» Assignment:
Below are entries. Give back exactly the lines from the one containing "Zwarte Lenco L-3828" through the one containing "Modway Penrose 6-Light", inclusive, without the pictures.

» Study material:
........

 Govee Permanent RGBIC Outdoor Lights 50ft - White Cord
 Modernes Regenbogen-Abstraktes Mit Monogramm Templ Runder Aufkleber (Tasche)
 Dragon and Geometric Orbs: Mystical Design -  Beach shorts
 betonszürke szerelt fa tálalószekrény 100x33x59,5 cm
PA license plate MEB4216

........

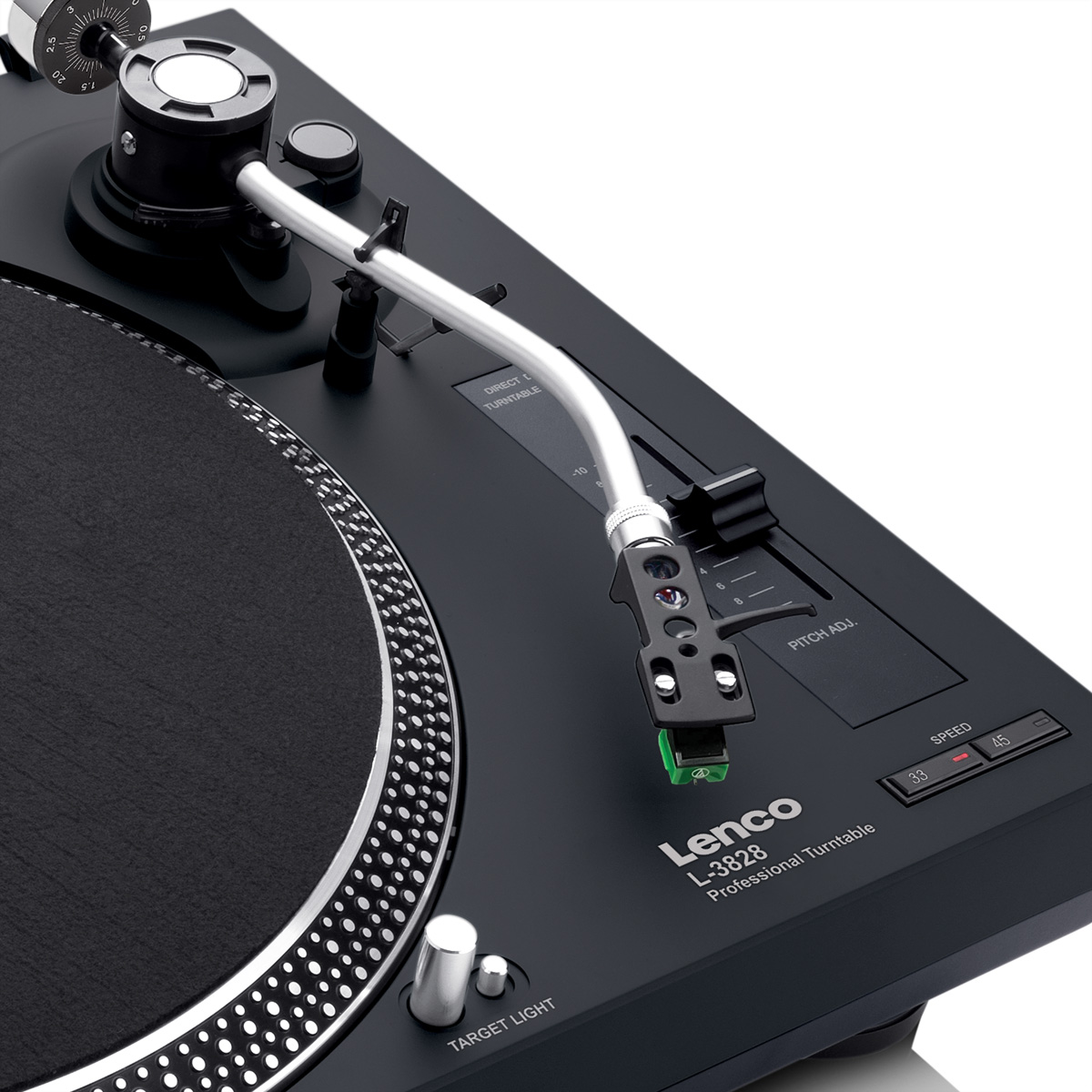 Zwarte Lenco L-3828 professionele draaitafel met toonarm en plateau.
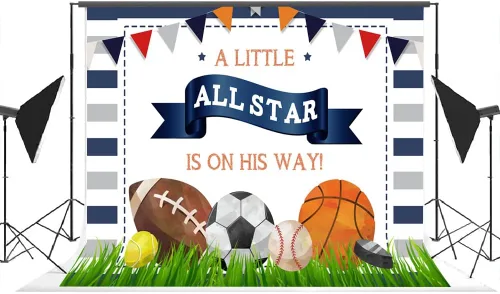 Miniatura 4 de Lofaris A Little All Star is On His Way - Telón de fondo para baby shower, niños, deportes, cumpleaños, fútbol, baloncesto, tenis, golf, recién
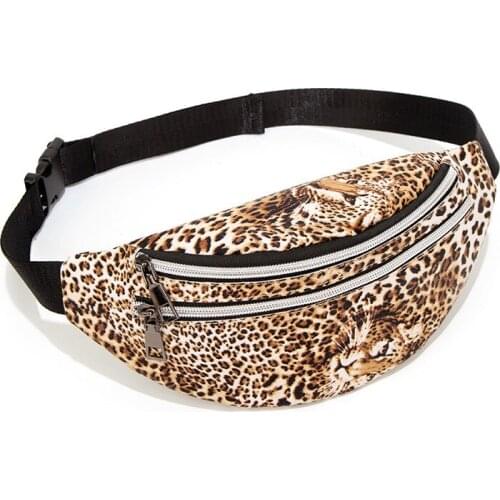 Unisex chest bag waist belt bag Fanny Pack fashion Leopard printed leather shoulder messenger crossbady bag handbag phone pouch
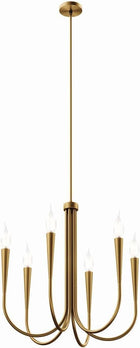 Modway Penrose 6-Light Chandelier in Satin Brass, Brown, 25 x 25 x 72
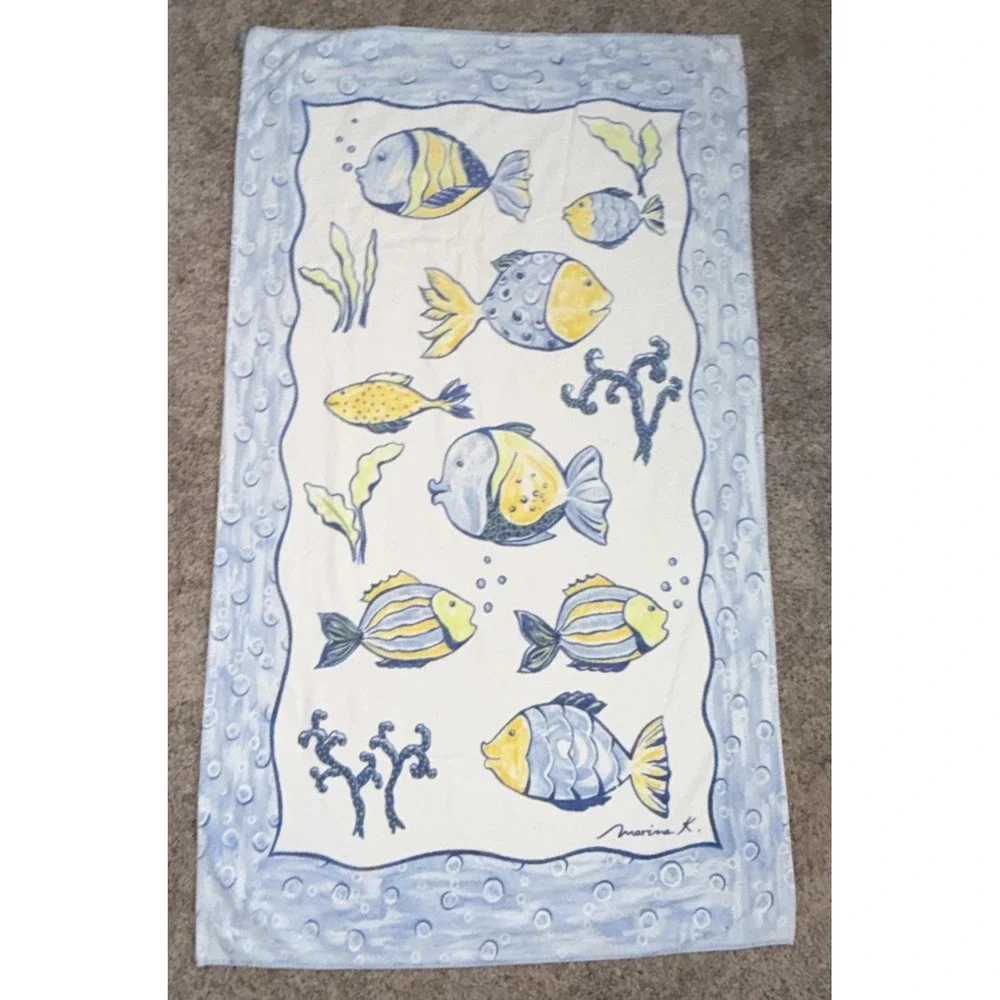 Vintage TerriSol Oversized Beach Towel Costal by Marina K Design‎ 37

........

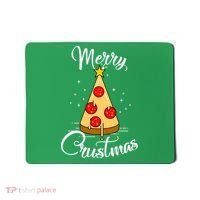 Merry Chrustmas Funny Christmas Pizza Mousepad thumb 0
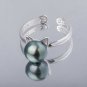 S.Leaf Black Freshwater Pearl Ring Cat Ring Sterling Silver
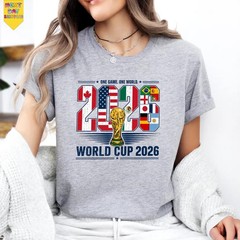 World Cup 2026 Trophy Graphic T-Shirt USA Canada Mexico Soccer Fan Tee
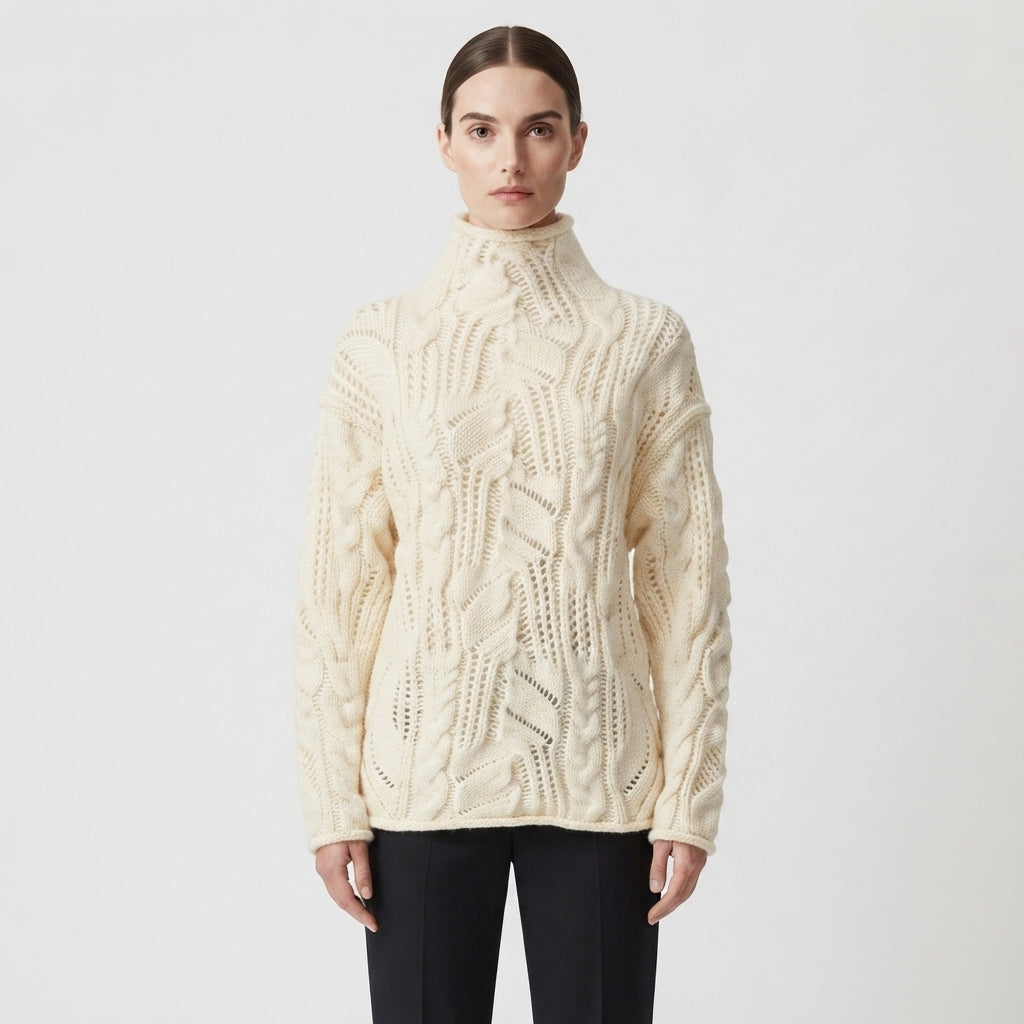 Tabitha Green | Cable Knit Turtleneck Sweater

........

» Task output:
 Zwarte Lenco L-3828 professionele draaitafel met toonarm en plateau.
 Miniatura 4 de Lofaris A Little All Star is On His Way - Telón de fondo para baby shower, niños, deportes, cumpleaños, fútbol, baloncesto, tenis, golf, recién
 Unisex chest bag waist belt bag Fanny Pack fashion Leopard printed leather shoulder messenger crossbady bag handbag phone pouch
 Modway Penrose 6-Light Chandelier in Satin Brass, Brown, 25 x 25 x 72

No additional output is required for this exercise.